Two events are scheduled to take place in Guatemala in January that simultaneously hold the extremes of hope and cynicism that only a country with its tortured history could produce.
A retrial of the former general and president-by-coup Efraín Ríos Montt, 89, on genocide charges, is to be held in secret. The in camera proceeding, should it actually occur, would be the latest in a series of legal maneuvers that began with the conviction of Ríos Montt, now reportedly suffering from dementia, on the same charges in May 2013.
The earlier conviction, quickly reversed on appeal on some technicality, clearly established through days of anguished testimony what the world already knew quite well: Ríos Montt, once a darling of the Reagan administration and assorted U.S. television preachers and adoring evangelical ministers, was an architect of what the United Nations later deemed genocide.
During his brief tenure as president (1982-83), he oversaw a campaign of indiscriminate slaughter of indigenous peoples in the country's highlands.
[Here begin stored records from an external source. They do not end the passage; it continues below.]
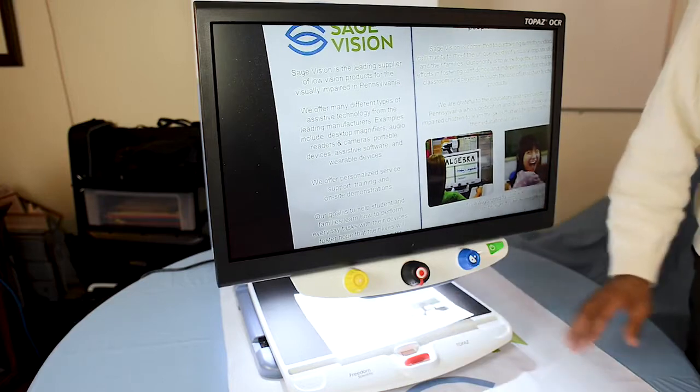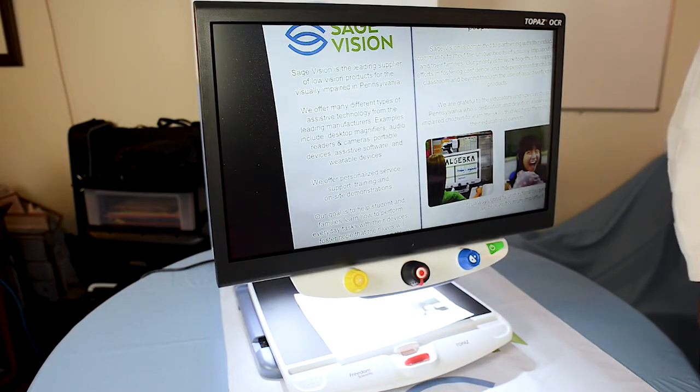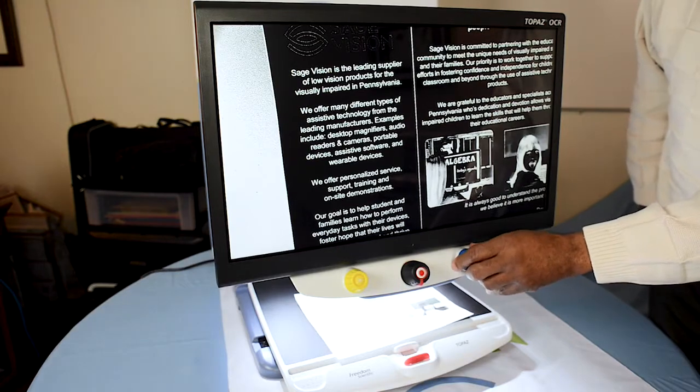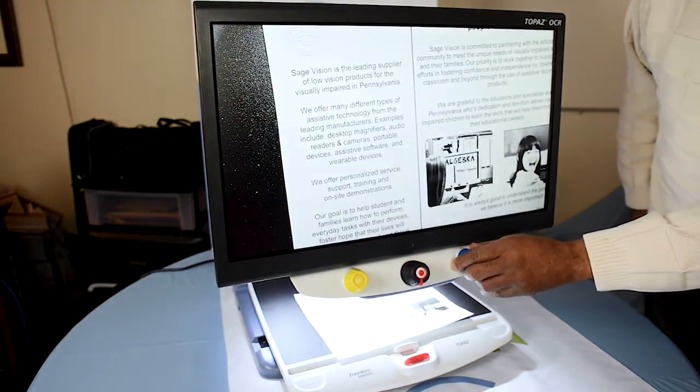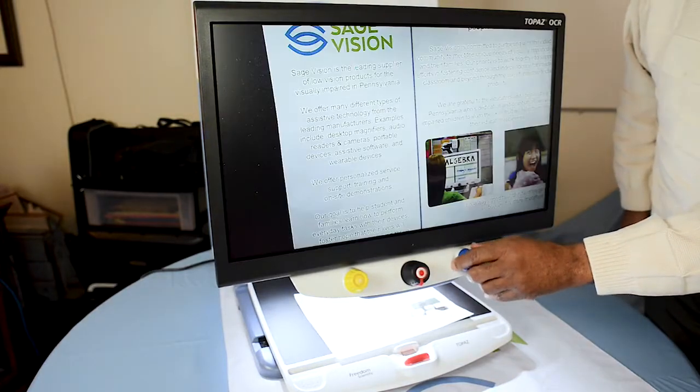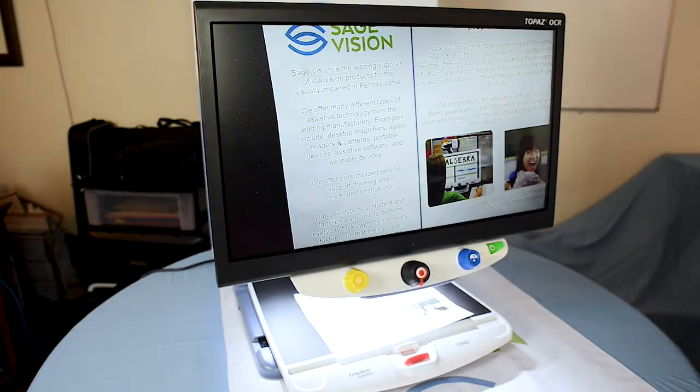It really just depends on the eye condition and the person as to what their preference is. There's black on white, white on black, colored blue and yellow, yellow and black, and back to normal color. There are a lot of different options you can use depending on your eye condition or simply your preference.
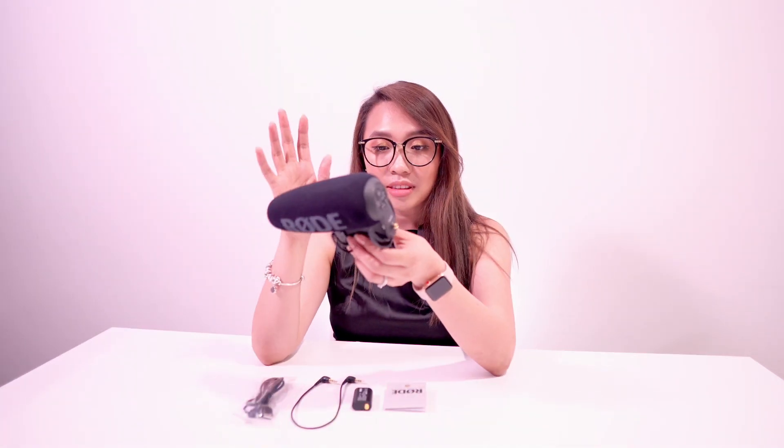This setup will help capture my voice clearly and it helps to lessen the noise around the area. Even though your place is kind of quiet, there are still a few noises around you that this mic will help clear out. This mic is the VideoMic Pro Plus version.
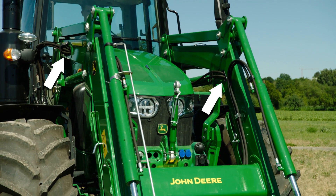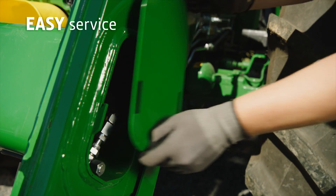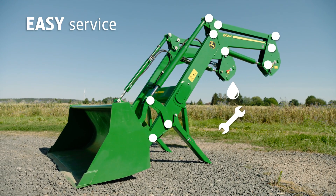Protected inside the boom, hydraulic components can easily be accessed if ever needed. Bushings are easy to grease and exchangeable where needed.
At the same time, he was wont to attend religious rallies, where he would wave his floppy Bible and invoke the name of God.
January also will mark the beginning of a term for newly elected president Jimmy Morales, a comedian and TV performer with no political experience save for the role he played on his own TV show: a peasant who accidentally becomes president. A wave of outrage about official corruption swept this comedian into office.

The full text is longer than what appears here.